On the Metamodern “Return” to a Metaphysics of Eros
What is the world?
What is my mind?
Can I really know love?
Can I really know what is out there, what reality actually is?
How do we move humanity forward at this time of great existential crisis?
These are questions Zachary Stein asks in his paper Love in a Time Between Worlds: On the Metamodern “Return” to a Metaphysics of Eros as he turns the reader’s attention towards a metamodern metaphysics, or a new way at looking at reality.
Metamodern being the era of time we are now in where we are aware of the scope of the crises we face together and we are aware of the lack of a powerful cultural narrative.
“The term metamodern is used simply to describe the structure of what is emerging “after postmodernism;” it points out the new personalities, cultures, and theories that are able to critique and integrate the insights of both the modern and the postmodern.”
Metaphysics being the stories we tell about ourselves and about the universe.
“Believe it or not, there are metaphysical systems that survived postmodernism and popped out of the far end of the 1990’s with “truth” and “reality” still intact. These include object-oriented ontology and dialectical critical realism, among others. Metaphysics can be practiced after Kant and Darwin only by theorizing beyond what is thought of as acceptable in postmodernism and late-stage capitalism, as I discuss in the first section below.”
CosmoErotic Humanism, as is expertly detailed in A Return to Eros, by Kristina Kincaid and Marc Gafni, is a species of metamodern metaphysics, or, simply put, we need to embrace telling the most ultimate stories about ourselves, and about the universe.

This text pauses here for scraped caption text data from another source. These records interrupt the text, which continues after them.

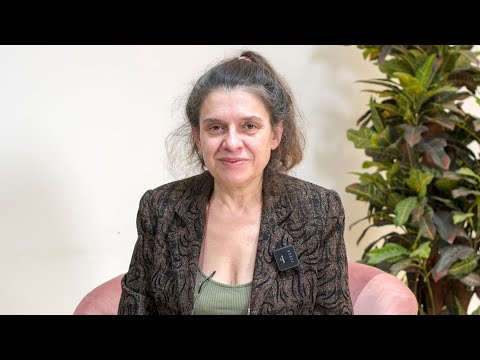 Видео: Биляна Петрова: В ареста ни събличаха голи и ни разглеждаха органите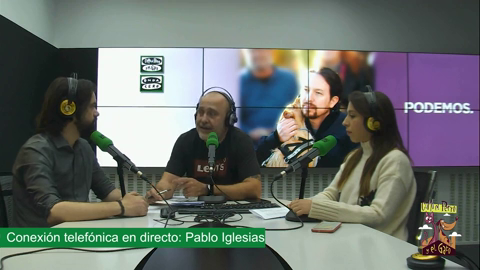 Vídeo resumen de las intervenciones de Albert Rivera y Pablo Iglesias en Como el perro y el gato Vídeo resumen de las intervenciones de Albert Rivera y Pablo Iglesias en Como el perro y el gato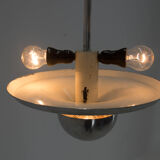 Bauhaus Chandelier by Franta Anyz, 1930s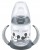NUK Learner Cup Mickey bögre 150 ml hőmérséklet-jelző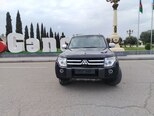 Mitsubishi Pajero-5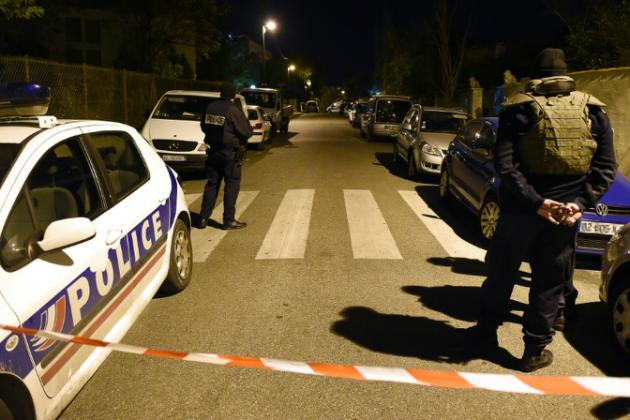 Marseille : un jeune homme abattu à la kalachnikov
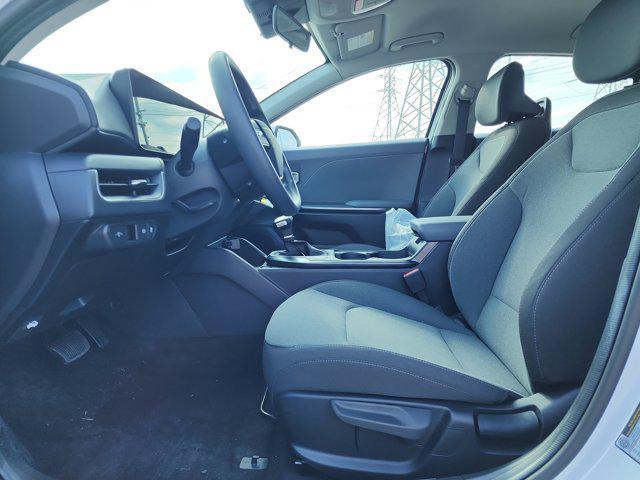 new 2025 Kia K4 car, priced at $22,167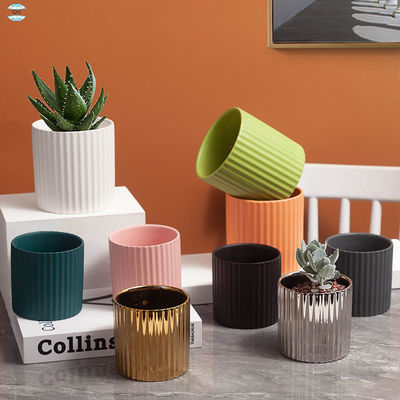 Các nồi gốm tùy chỉnh để đáp ứng các yêu cầu trồng cụ thể của bạn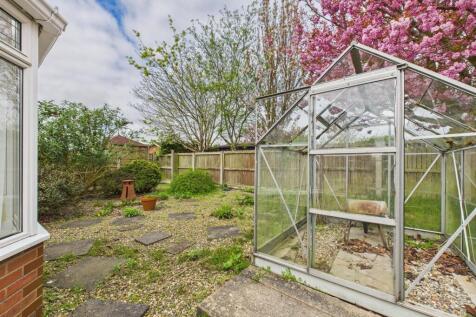 Garden: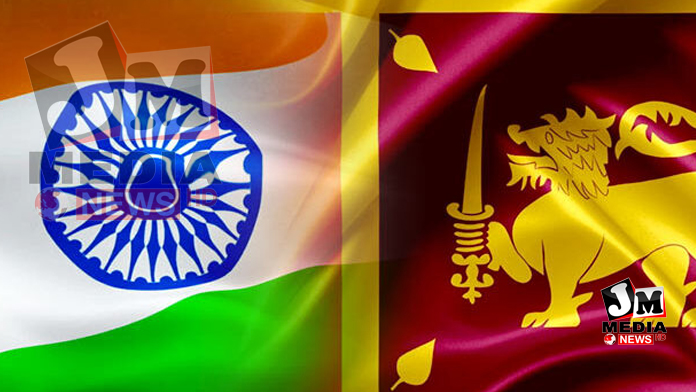 இந்தியாவிடமிருந்து பெறும் கடனுதவி தொடர்பிலான புதிய தகவல்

If we don’t do that, we will stay stuck in hyperobject problems, problems that are huge objects, extended over mass space and time, and effecting us all the time, like global climate change, racism and ineffectual politics.
From respecting science as an indispensable form of knowing, to seeing that science is always contextual and truth always tentative; that reality always holds deeper truths, to a systems view of life, to panpsychism, that consciousness is everywhere in the universe and “as real” as matter and space, Stein opens the door for us to personally more deeply enter into these big questions in our own lives and communities.